The free, multilingual online encyclopedia known as Wikipedia has been with us for more than twenty years. Its content is contributed and curated by volunteer users through the Wikipedia community. The value of this vast repository of information could be even greater than the superficial access to facts and figures if the content followed a standardised approach. Writing in the International Journal of the Metadata, Semantics and Ontologies, a team from Brazil describes their analysis of Wikipedia and its structural characteristics.
Johny Moreira, Everaldo Costa Neto, and Luciano Barbosa Centro de Informática of the Universidade Federal de Pernambuco explain that main, core, content in Wikipedia does not follow a standard structure from entry to entry. However, they demonstrate how the “infoboxes” within each page do follow a standard structure. Unfortunately, only around one in every two Wikipedia entries carry an infobox.
As such, while the infoboxes might be a useful component of Wikipedia that could be addressed by automated data mining tools, given that only 54 percent of entries carry such a component, this could limit the usefulness of data mining, search engine augmentation, and database construction, at least until the user community adds standard infoboxes to the majority of the Wikipedia entries. Of course, there might be ways to extract standardised information from the entries that lack an infobox to create just such an entity. However, there are several different templates that have already been used to create infoboxes even within the same Wikipedia categories.
One might suggest that by its very nature Wikipedia is always a work in progress, but some work is of a more fundamental nature than the creation of content and perhaps a part of the community needs to be enlisted and directed to create infoboxes and standardise the infobox templates if at all possible.
The team explains that there is a lot of interest in the infobox data found in Wikipedia.
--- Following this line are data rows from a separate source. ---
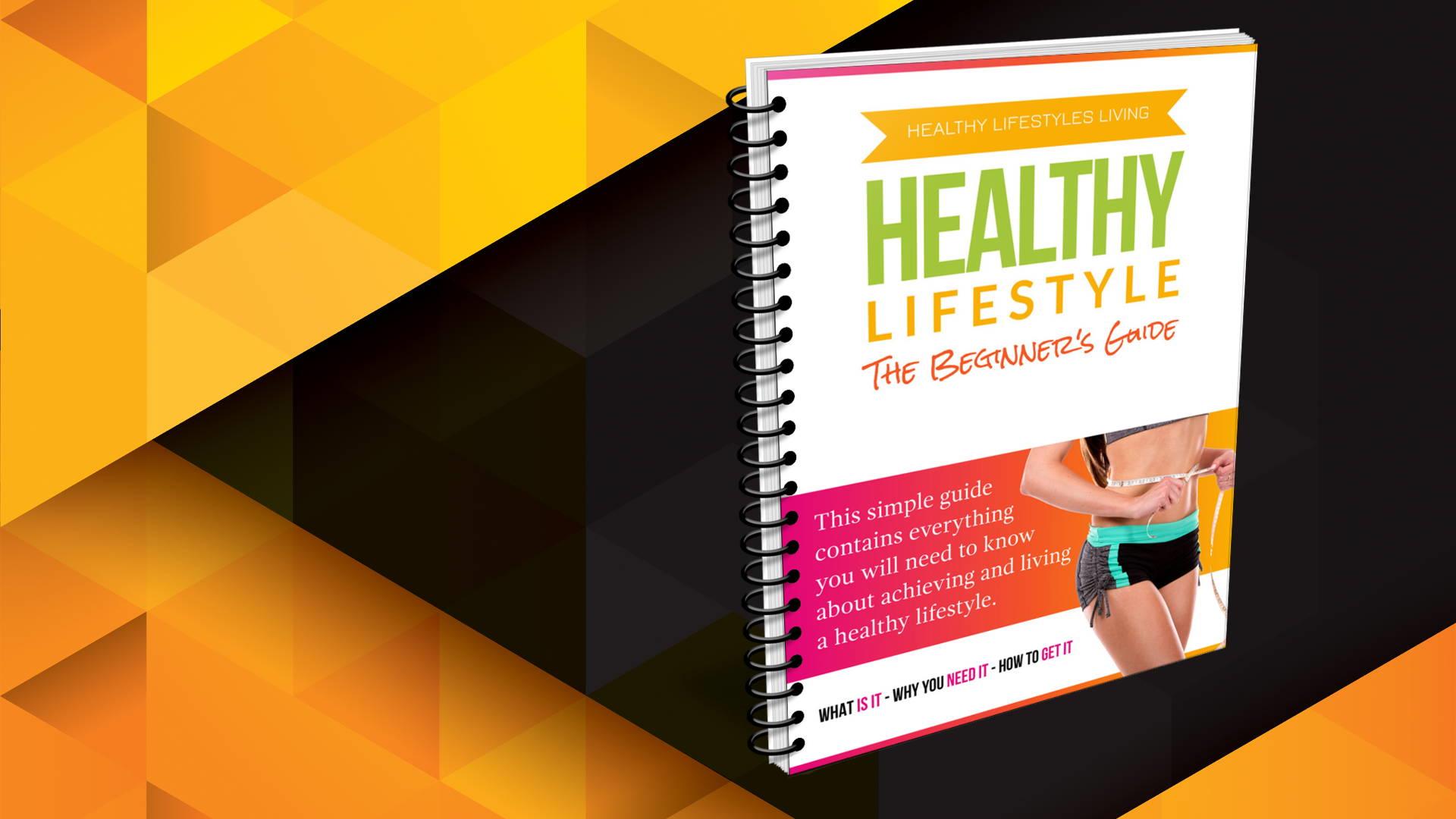 The Beginners Guide To A Healthy Lifestyle Post Image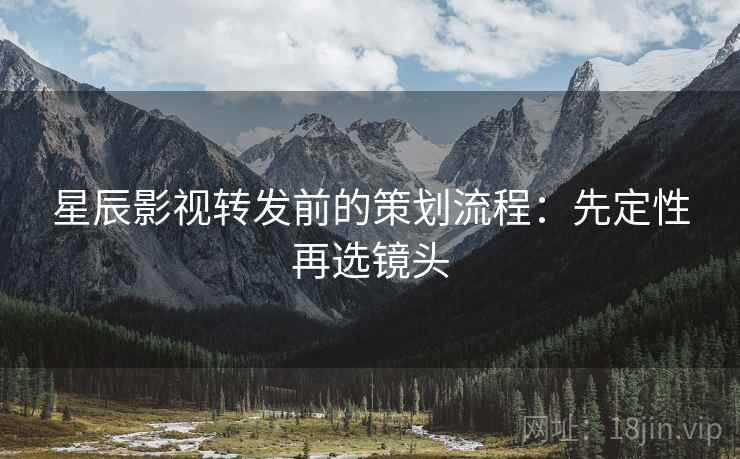 星辰影视转发前的策划流程:先定性再选镜头 星辰影视转发前的策划流程:先定性再选镜头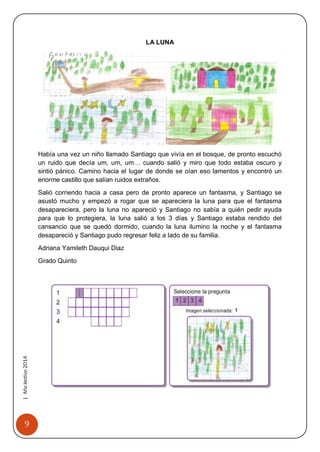9 
| Año lectivo 2014 
LA LUNA 
Había una vez un niño llamado Santiago que vivía en el bosque, de pronto escuchó un ruido que decía um, um, um… cuando salió y miro que todo estaba oscuro y sintió pánico. Camino hacia el lugar de donde se oían eso lamentos y encontró un enorme castillo que salían ruidos extraños. 
Salió corriendo hacia a casa pero de pronto aparece un fantasma, y Santiago se asustó mucho y empezó a rogar que se apareciera la luna para que el fantasma desapareciera, pero la luna no apareció y Santiago no sabía a quién pedir ayuda para que lo protegiera, la luna salió a los 3 días y Santiago estaba rendido del cansancio que se quedó dormido, cuando la luna ilumino la noche y el fantasma desapareció y Santiago pudo regresar feliz a lado de su familia. 
Adriana Yamileth Dauqui Diaz 
Grado Quinto 
 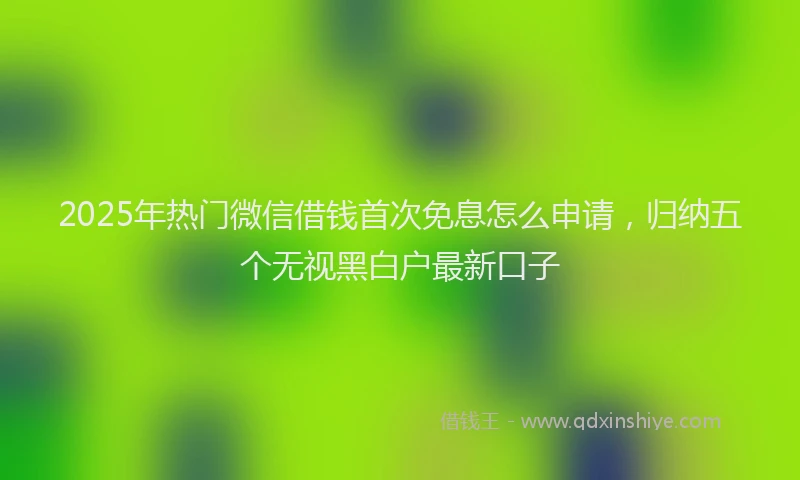 2025年热门微信借钱首次免息怎么申请，归纳五个无视黑白户最新口子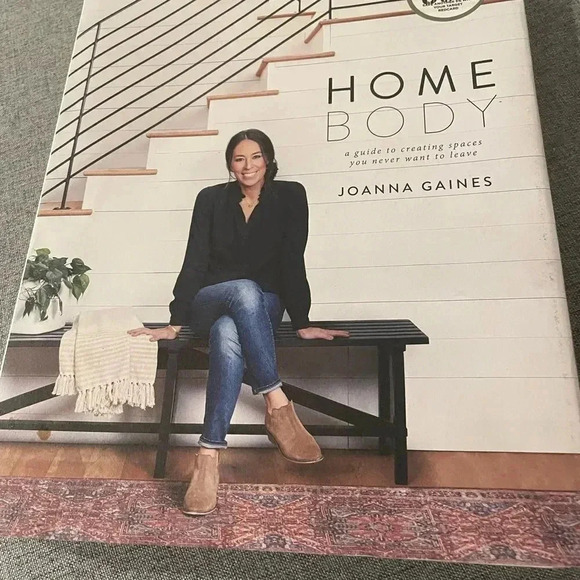 JOANNA GAINES Other - HOME BODY
a guide to creating spaces you never want to leave
JOANNA GAINES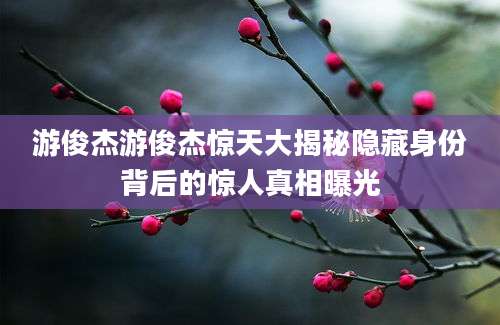 游俊杰游俊杰惊天大揭秘隐藏身份背后的惊人真相曝光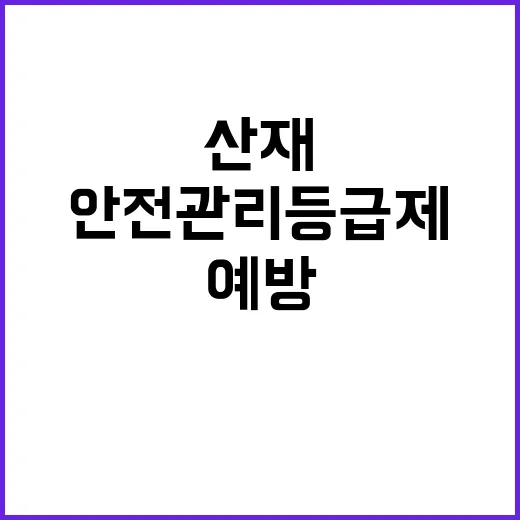 안전관리등급제 산재예방과 안전문화 확산 비결!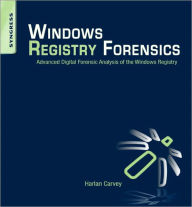 Title: Windows Registry Forensics: Advanced Digital Forensic Analysis of the Windows Registry, Author: Harlan Carvey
The researchers have now analysed many aspects of this content with the aim of helping the Wikipedia community to “uncover some data limitations and to guide researchers and practitioners interested in performing tasks using this data.”
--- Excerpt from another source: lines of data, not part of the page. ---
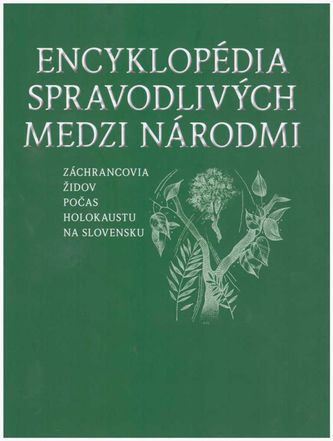 Encyklopédia Spravodlivých medzi národmi:...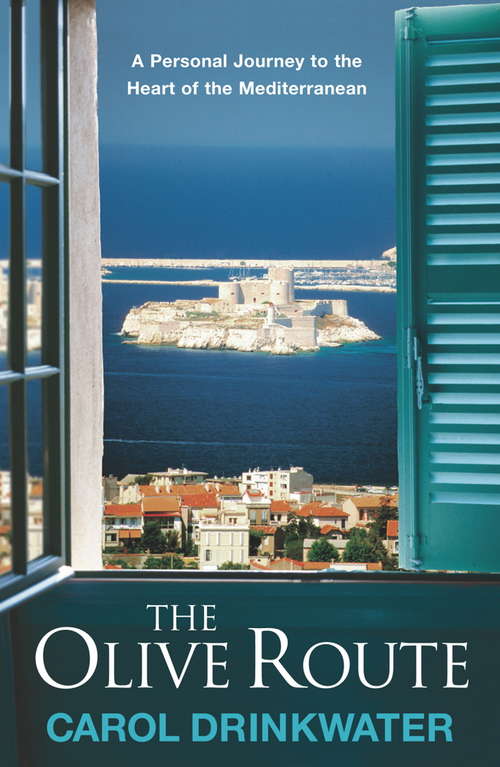 Book cover of The Olive Route: A Personal Journey to the Heart of the Mediterranean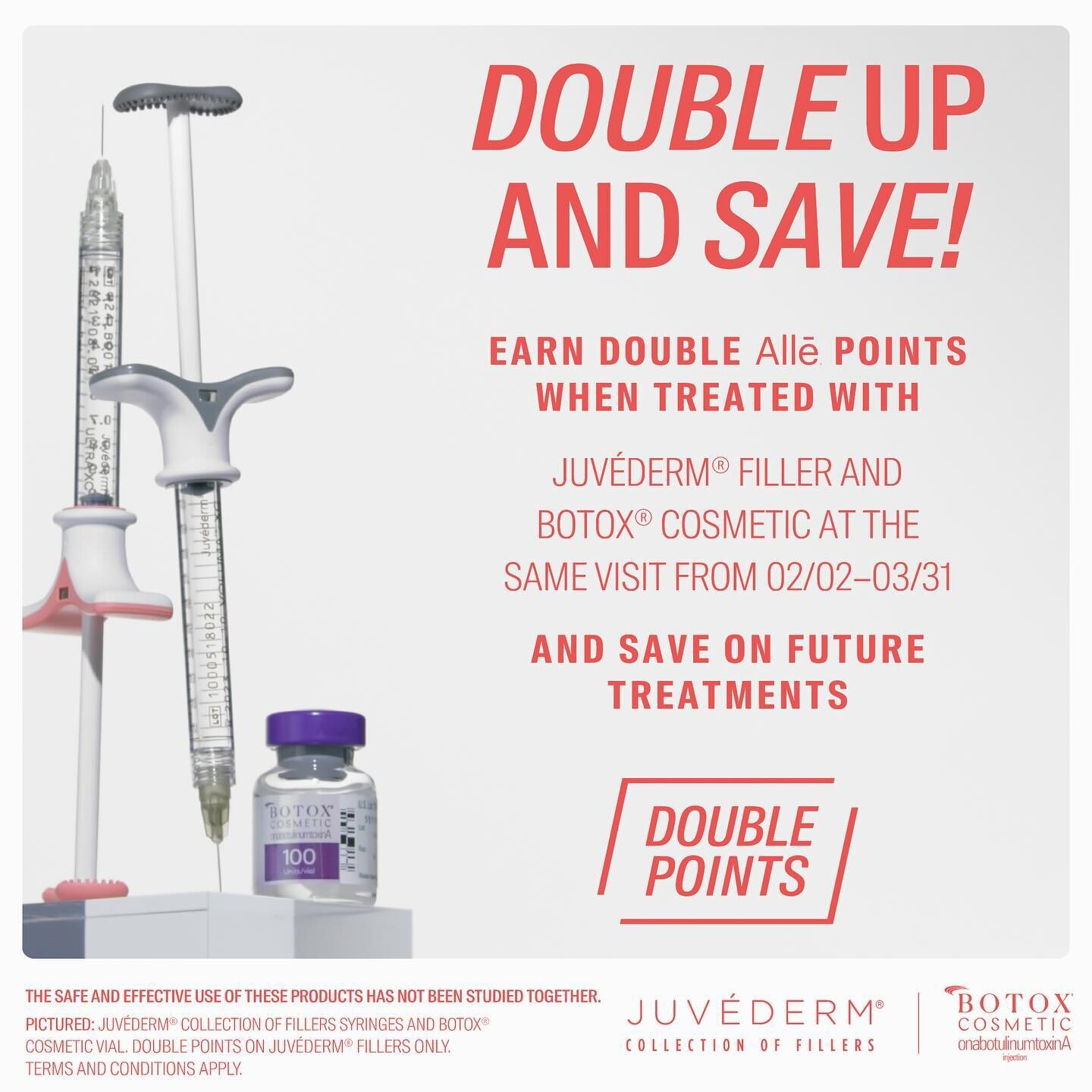 Don&rsquo;t miss your chance to double up! ✨🤍From 02/24&ndash;03/31, earn double Allē points on the JUV&Eacute;DERM&reg; Collection of Fillers when treated with JUV&Eacute;DERM&reg; Filler and BOTOX&reg; Cosmetic &nbsp;at the same visit. What are yo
Indeed, the team is itself working toward this goal in its own efforts: “Our next step for improving and extending the work presented here is to apply deep learning techniques for automatic measurement and classification of the quality of the defined infoboxes and articles in Wikipedia,” the researchers conclude.
Moreira, J., Costa Neto, E. and Barbosa, L. (2021) ‘Analysis of structured data on Wikipedia’, Int. J. Metadata Semantics and Ontologies, Vol. 15, No. 1, pp.71–86.